Baon shoveled 20 dump truck loads of ash from his home. He was devastated. Yet giving up wasn't an option, so he set his sights on the future.

"I had no choice but start over again," he said. "We were scared."

The same was true for Angeles City and Clark. Even as ash rained down on them, people swept it away. After the shock of the destruction wore off, people there also started anew.

"What else could we do? Where could we go?" said Juanito Luna, who lost his newly opened store in Angeles City. "We had to dig out from under the ash and rebuild our lives."

That wasn't easy. The Clark cleanup took several years. Today, 10 years after the eruption, there are few signs of he destruction. Things look much like they did before Pinatubo's wrath. There are some signs of ash, but it's overgrown with grass.

Clark is well-groomed and green again. But many former dormitories, work centers, homes and the hospital are nothing but shells. Stark reminders of the looting that took place after the disaster. The lush jungle has reclaimed some of the land.

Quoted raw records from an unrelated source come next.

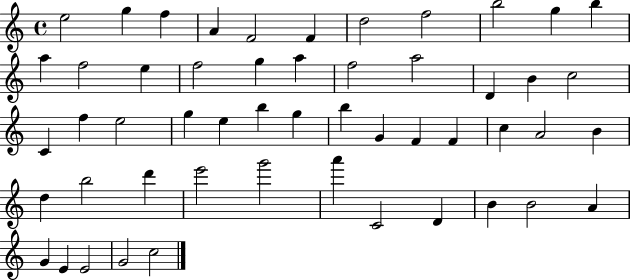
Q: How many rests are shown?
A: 0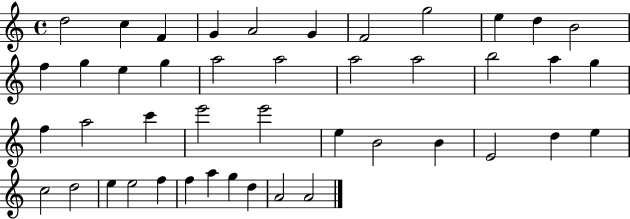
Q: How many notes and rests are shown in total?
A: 44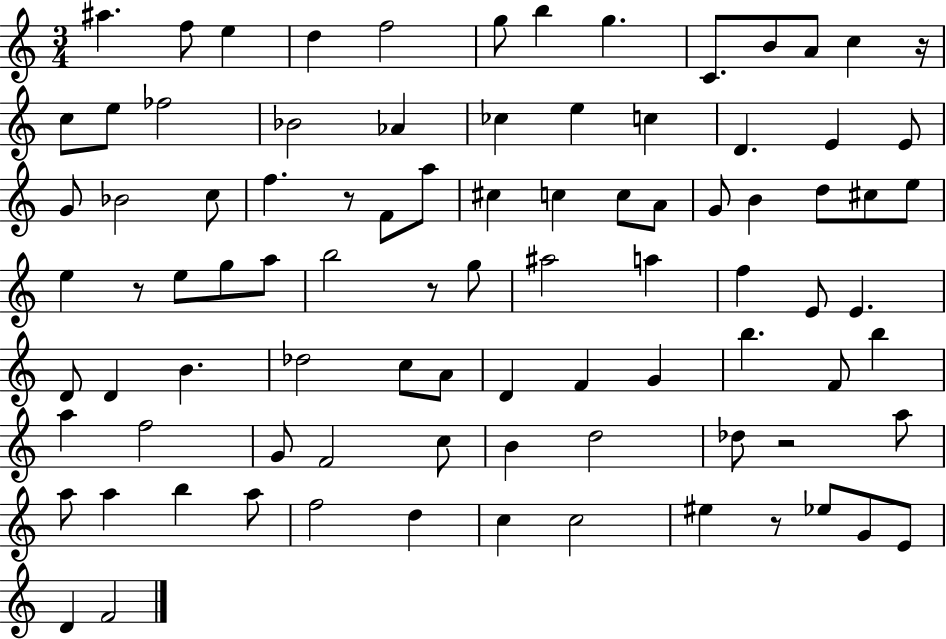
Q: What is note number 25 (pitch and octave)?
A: Bb4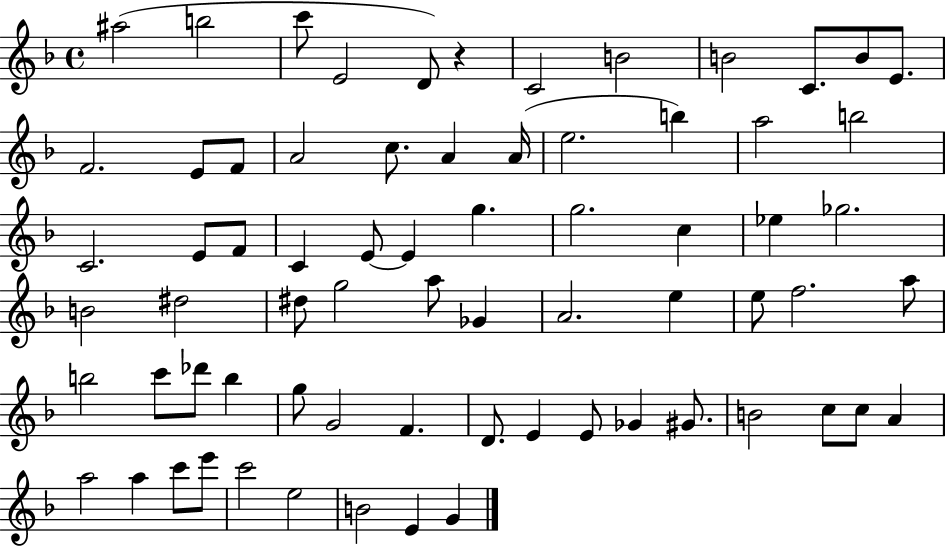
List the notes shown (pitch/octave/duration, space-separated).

The American pullout had a huge impact on the area. Some 20,000 base workers lost jobs. Gone was the more than S1 million a day the base poured into the Angeles City economy. That affected hundreds of thousands of Filipinos off base. Many businesses closed. Angeles City's famous nightlife, though not gone, became more subdued.

A new beginning

But Clark didn't just dry up and blow away. Though it and the local economy still aren't thriving, they're holding their own -- despite the Asian-wide economic crunch. Those who predicted the American pullout would cause a collapse of the Angeles City and Philippines economies were wrong, said Ramona Lopez-Ty, a former Philippines undersecretary of tourism.